In this blog, I want to draw attention to another "backdoor" in cybersecurity: cloud providers. Cloud applications are now an integral part of the application landscape. For IT managers, they offer solutions to streamline processes and reduce costs. However, this doesn't automatically put you on cloud nine: securing data in the cloud requires targeted action in terms of vendor management.

The problem is that not every organization is adequately prepared for this. Transitioning to a cloud application can be a quick process, and it often doesn't stop at one application. Organizations that move part of their IT off-site are well aware that they need to transform from being a management organization to a governance organization. But that's where it starts: the speed of this organizational development is often slower than technological change. This is understandable as well because a governance organization demands different knowledge and skills. In practice, it sometimes involves hiring new personnel, but this transition should not take years.

Furthermore, using and governing cloud services (and vendors) requires a balanced mix of technical, organizational, legal, and procurement competencies. In cases where personal data is involved, the involvement of a privacy officer and a corporate lawyer is essential, considering the required data processing agreements. Collaboration between disciplines is vital, and internal silos are counterproductive. Security, continuity, and privacy requirements should be set based on a unified vision, without conflicting with one another. It should be clear from the outset (even before moving IT to the cloud) whether the vendor complies with these requirements and will continue to do so. Conducting a risk analysis is a valuable but often overlooked tool in this process.

I don't mean to give the impression that cloud vendors are not doing their job properly. Quite the opposite. Many vendors often provide a level of professionalism and focus that is challenging for an organization to achieve internally. Nevertheless, security is always the ultimate responsibility of the organization, and the vendor is responsible for implementing the promised measures.
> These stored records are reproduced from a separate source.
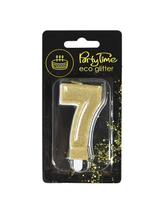 Świeczka cyferka z eko-brokatem nr 7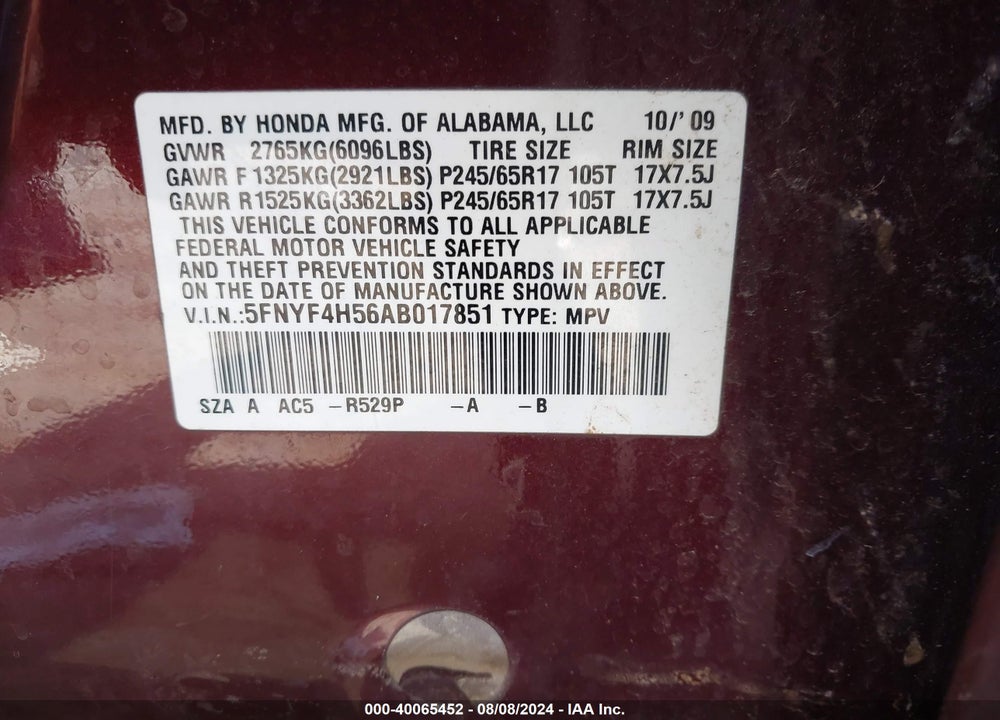 2010 HONDA PILOT EX-L VIN: 5FNYF4H56AB017851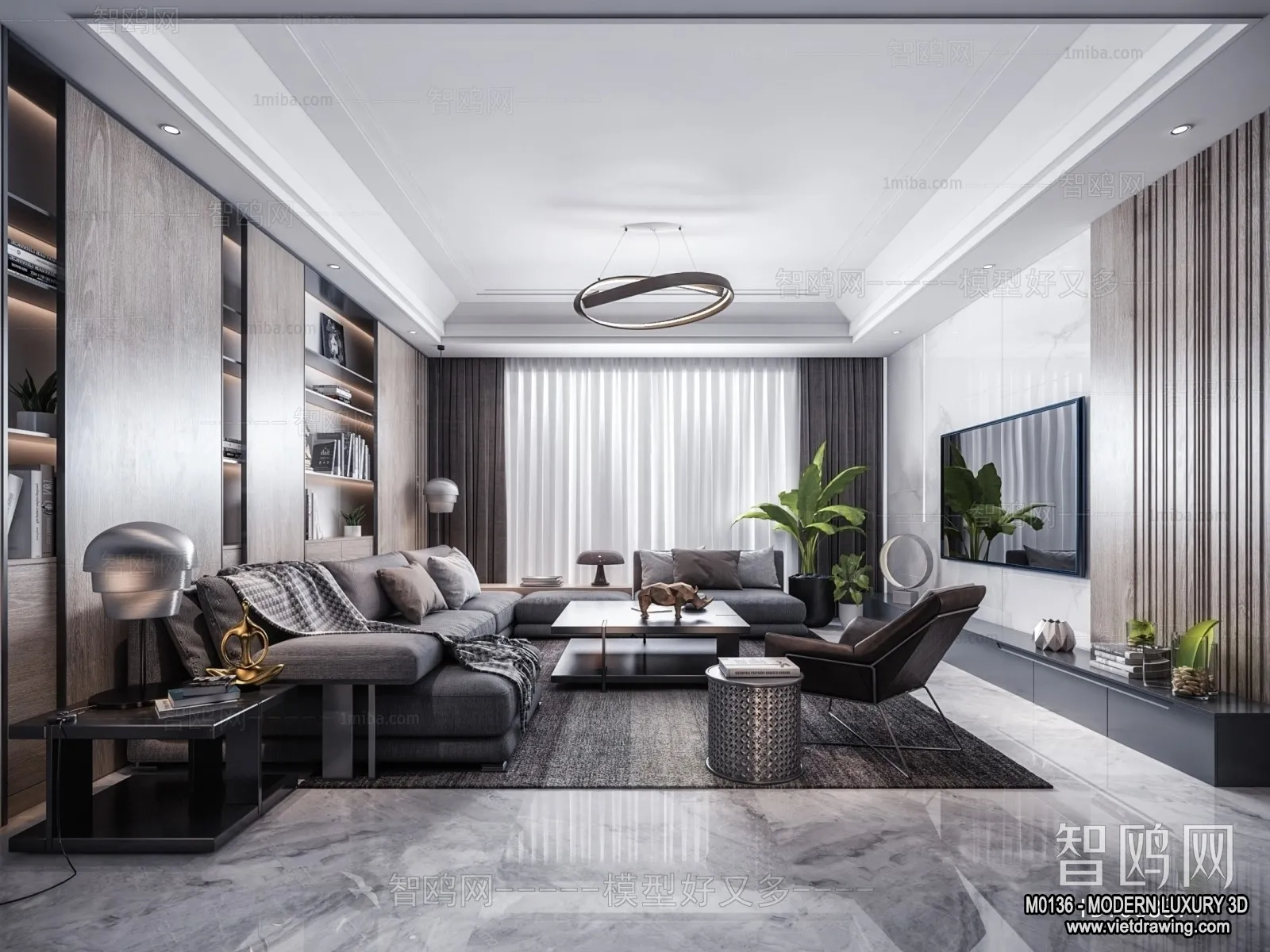 Living Room – 3D Interior Scene – Luxury Style – 110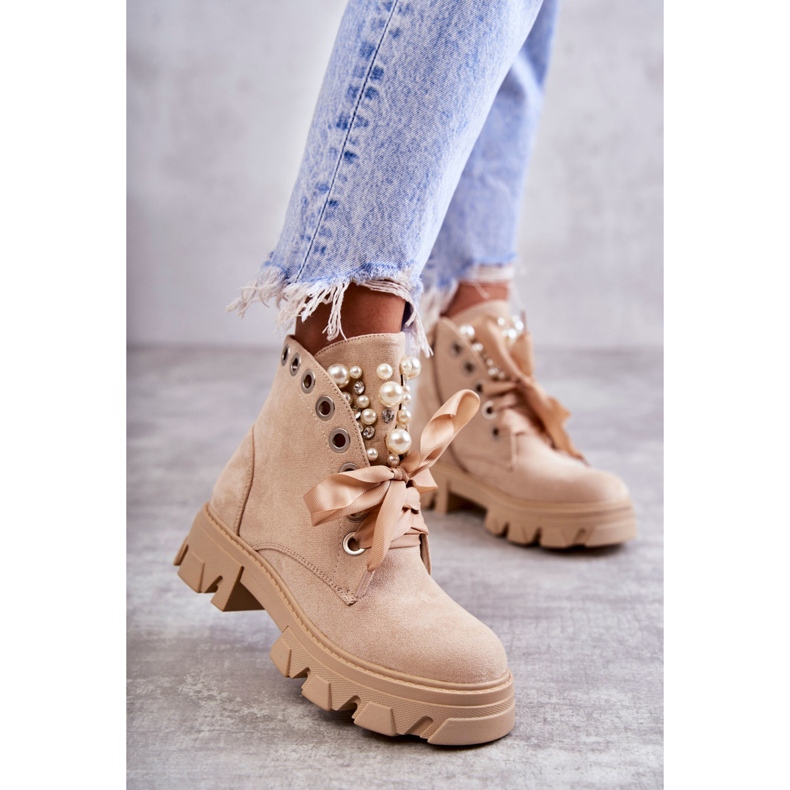 PS1 Bottines Chaudes Daim Avec Perles Beige Roco 2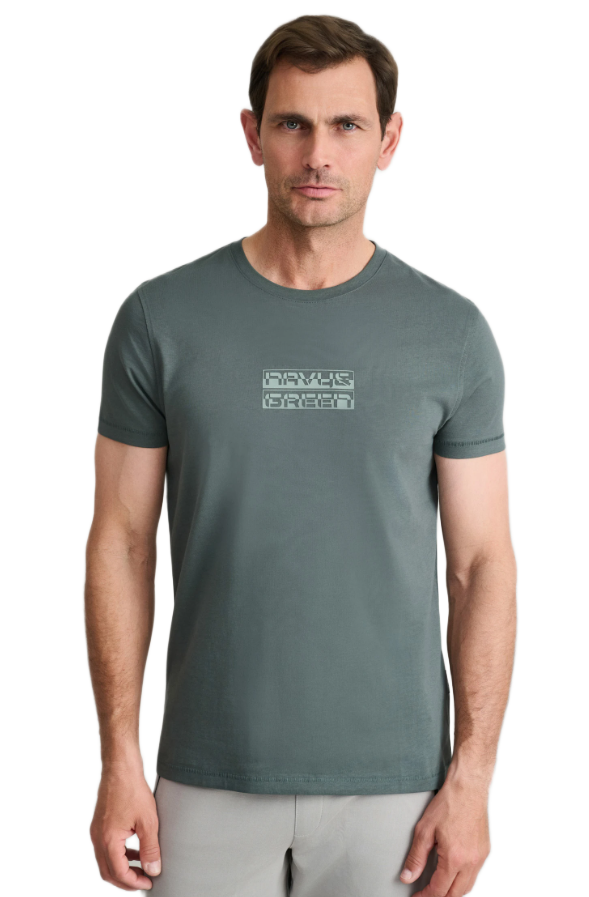 Navy&Green ανδρικό μονόχρωμο t-shirt τύπωμα 24TU.346/8R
That's why I advocate considering the broader implications for your organization from the very beginning when developing a cloud strategy. Whether or not to opt for the cloud should not solely be based on cost or the desire to slim down the IT department. The decision of "Cloud unless…" should also consider the organization's ability to effectively take and maintain responsibility for data security. Implementing a cloud strategy requires organizational development and, by definition, is a multidisciplinary issue.